**What you are asked to do**:
From the first line to the last, copy the data exactly and drop the pictures.

(Data excerpts)
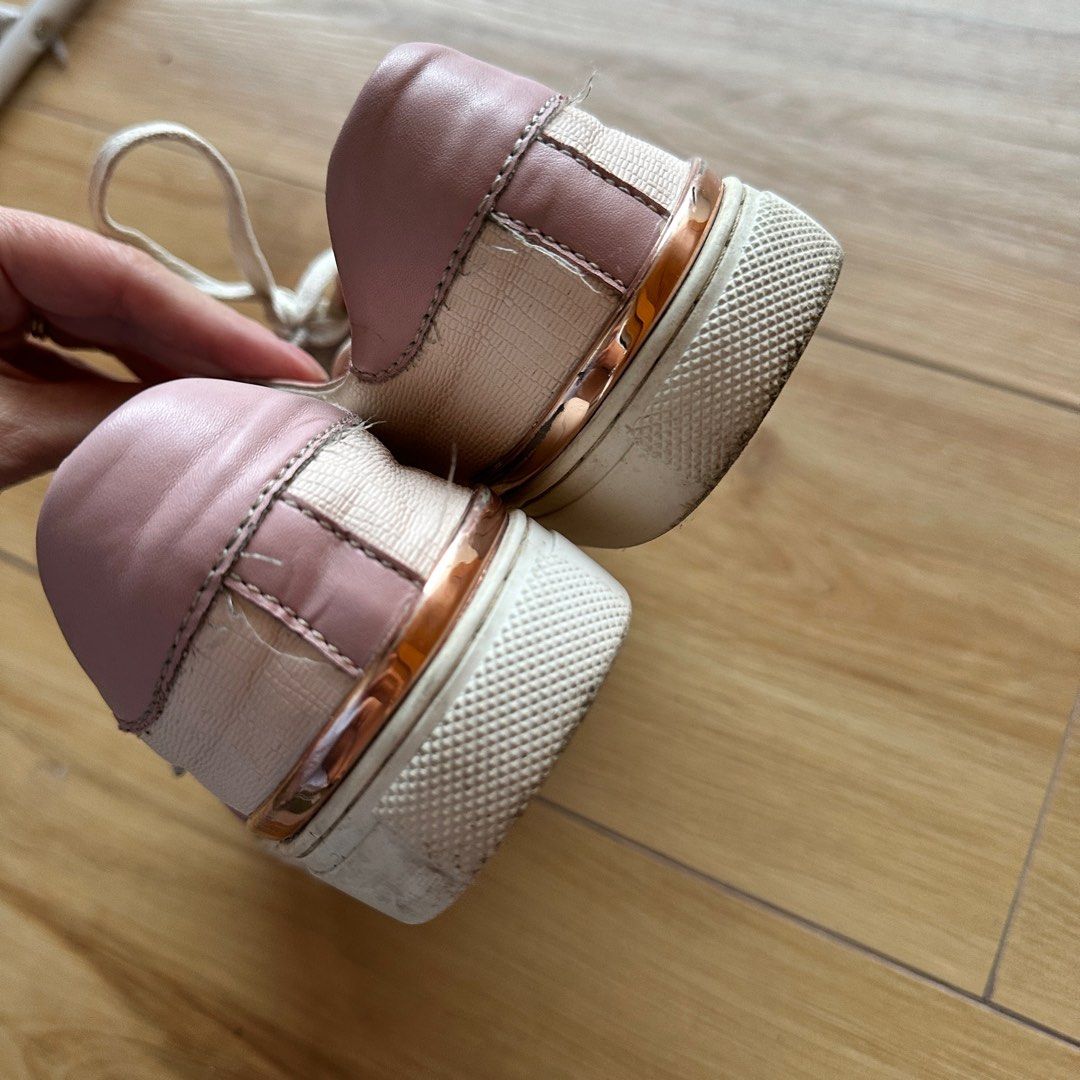 Blush Rose Pink Leather Sneakers (Category: Babies & Kids Fashion) located in Baguio. Submitted by circa2009 (Listing ID 1337884074, Image 3). Description: Size 35 Selling low already no to low ballers pls All proceeds from the sales of my daughter’s items goes directly to my daughter’s school/savings funds :).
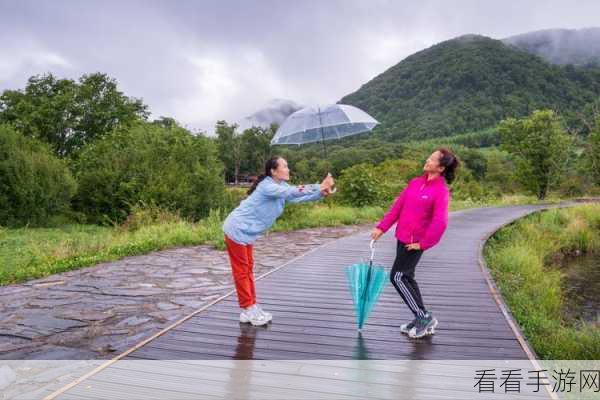 激情小说两峰夹小溪湿地：幽静湿地间，两峰傍水共诉情缘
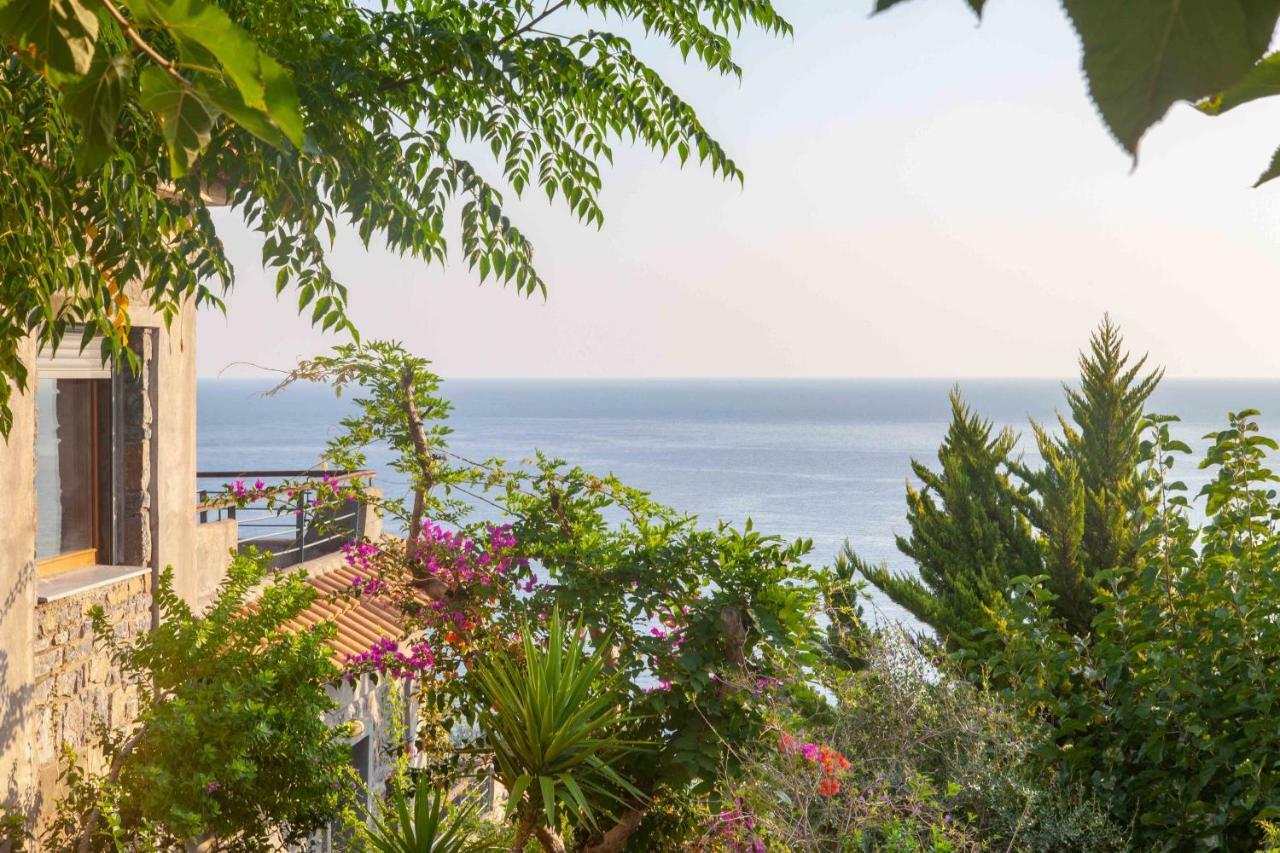 Frictories Station Of Residency Hotel Limnionas  Exterior photo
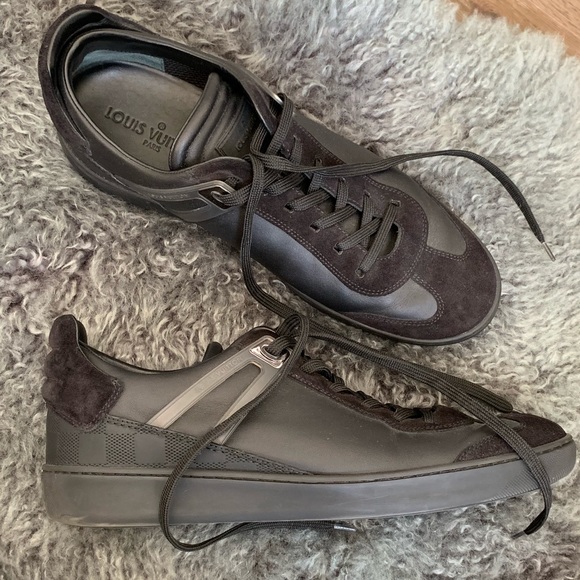 Men’s Louis Vuitton suede and leather sneaker - Picture 6 of 8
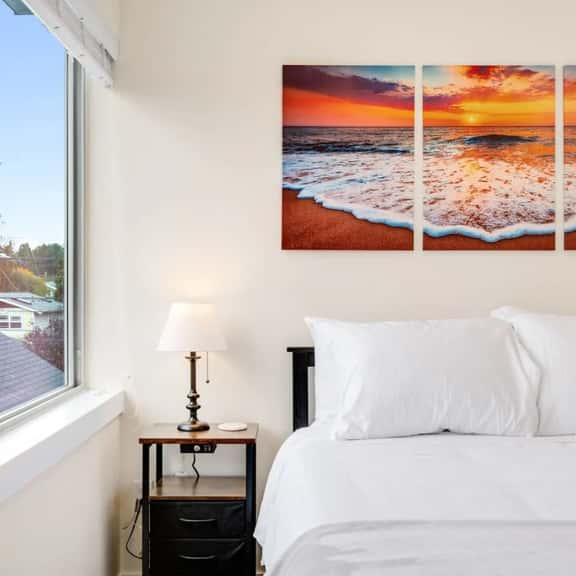 Urban Roosevelt/Greenlake Getaway - Image 1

**Final answer**:
 Blush Rose Pink Leather Sneakers (Category: Babies & Kids Fashion) located in Baguio. Submitted by circa2009 (Listing ID 1337884074, Image 3). Description: Size 35 Selling low already no to low ballers pls All proceeds from the sales of my daughter’s items goes directly to my daughter’s school/savings funds :).
 激情小说两峰夹小溪湿地：幽静湿地间，两峰傍水共诉情缘
 Frictories Station Of Residency Hotel Limnionas  Exterior photo
 Men’s Louis Vuitton suede and leather sneaker - Picture 6 of 8
 Urban Roosevelt/Greenlake Getaway - Image 1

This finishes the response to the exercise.